Weaknesses: Contributions are significant, however, the evaluation has limitations that temper the paper’s impact: (1) Experiments prioritize chart-specific datasets (e.g., ChartQA) but lack diversity in visual task types (e.g., fewer tests on infographics or mixed-modal charts). (2) Additionally, the theoretical analysis of why iterative sketching improves reasoning—beyond empirical validation—is sparse.

问题

Experiments focus heavily on chart-specific benchmarks (ChartQA, PlotQA) but lack diversity in visual task types (e.g., infographics, mixed-modal charts, 3D plots). How do you justify this scope, and what steps will you take to validate ChartSketcher’s robustness across diverse visual domains?
Ablation studies focus on component removal (e.g., "w/o Rethink&RL") but do not quantify the marginal benefit of key innovations like sketch-MCTS vs. naive RL. Can you redesign ablations to isolate the impact of iterative sketching/refinement vs. baseline MCTS?
ChartSketcher struggles with charts requiring 3D perspective (e.g., financial candlesticks) or dynamic updates (e.g., live dashboards). What architectural changes would be needed to handle such cases, and how would your training strategy adapt?

局限性

Yes

格式问题

作者回复

2025-07-31

overall

We sincerely thank Reviewer for the insightful feedback on our work. We are encouraged that the reviewer recognizes the innovation of our ChartSketcher method, the well-designed two-stage training strategy, and the practical value of our work in enhancing model interpretability. We will address the identified weaknesses and questions below.

Weakness1:

reply:

1: Thank you for your valuable feedback. We are pleased that you recognize the value of our work. Regarding the diversity of our evaluation, we would like to clarify that we did make a conscious effort to validate ChartSketcher's robustness on a range of visual tasks beyond charts.

As you can see in the appendix, our evaluation across 18 benchmarks already includes challenging datasets such as InfographicVQA and DocVQA. These datasets are characterized by complex, mixed-modal layouts with dense text and graphics, demanding a different and often more comprehensive reasoning capability than standard charts. Our strong performance on these benchmarks demonstrates that the core principles of ChartSketcher--iterative visual grounding and self-correction—can indeed generalize to more unstructured and diverse visual domains. To further illustrate the effectiveness of our method, we additionally tested the ChartX dataset, which we will add to the Appendix for further comparison.

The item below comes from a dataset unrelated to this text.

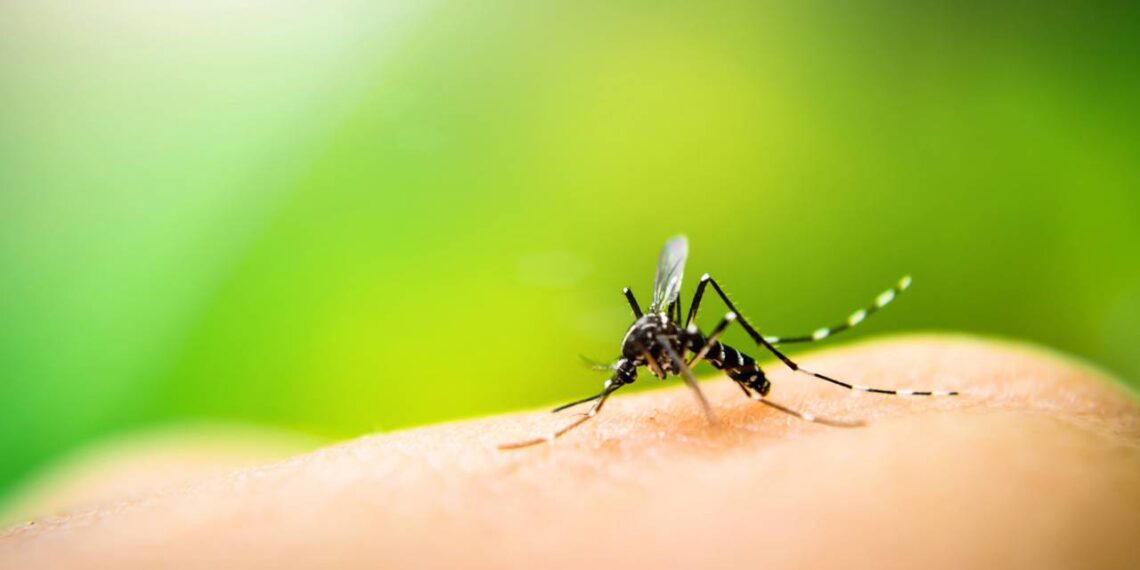 aedes aegypti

Model	SE (strict)	SE (slight)	SE (high)	QA
ChartSketcher	35.65	41.74	47.06	56.94
ChartVLM	23.18	30.68	38.30	43.84

2:Thank you for this excellent and thought-provoking point. Let us address your concerns regarding theoretical analysis.

As we replied to reviewer QsY7, theoretical analysis is indeed very important. Currently, many works[1][2][3] are inspired by human behavior. These works have empirically demonstrated effectiveness, but a theoretical analysis of human cognitive behavior is quite challenging. Our primary contribution in this work is ChartSketcher, which successfully operationalizes this human-like strategy and, in doing so, provides a highly effective and interactive reasoning experience. We see our work as the foundational step of validating that this approach works and works well in practice. We believe that a formal theoretical validation is necessary, but also a grand undertaking that could constitute a significant research program in its own right. Such an analysis might involve frameworks from information theory or formal methods.

While a full theoretical treatment is beyond the scope of this paper, we can hypothesize about the underlying principles:

Cognitive Offloading: Each sketch acts as an external memory, offloading the burden of holding complex spatial relationships and intermediate conclusions in the model's "working memory". This allows for more focused, incremental processing.

Error Correction via Grounded Feedback: The visual feedback loop provides a powerful mechanism for error detection. By comparing its intended action with the actual outcome, the model gets a grounded signal to correct flawed internal states, which is much more direct than purely text-based reflection.

We are grateful you raised this point. In our revised manuscript, we will add a discussion in the conclusion to better frame our contribution in this context and explicitly highlight the need for this future theoretical work, suggesting it as an exciting and important path forward for the community.

[1]Mind's Eye of LLMs: Visualization-of-Thought Elicits Spatial Reasoning in Large Language Models [NeurIPS 2024]

[2]Enhancing LLM Reasoning via Vision-Augmented Prompting [NeurIPS 2024]

[3]Goal Reduction with Loop-Removal Accelerates RL and Models Human Brain Activity in Goal-Directed Learning [NeurIPS 2024]

question1:

reply:

Thank you for this insightful question about the scope of our work.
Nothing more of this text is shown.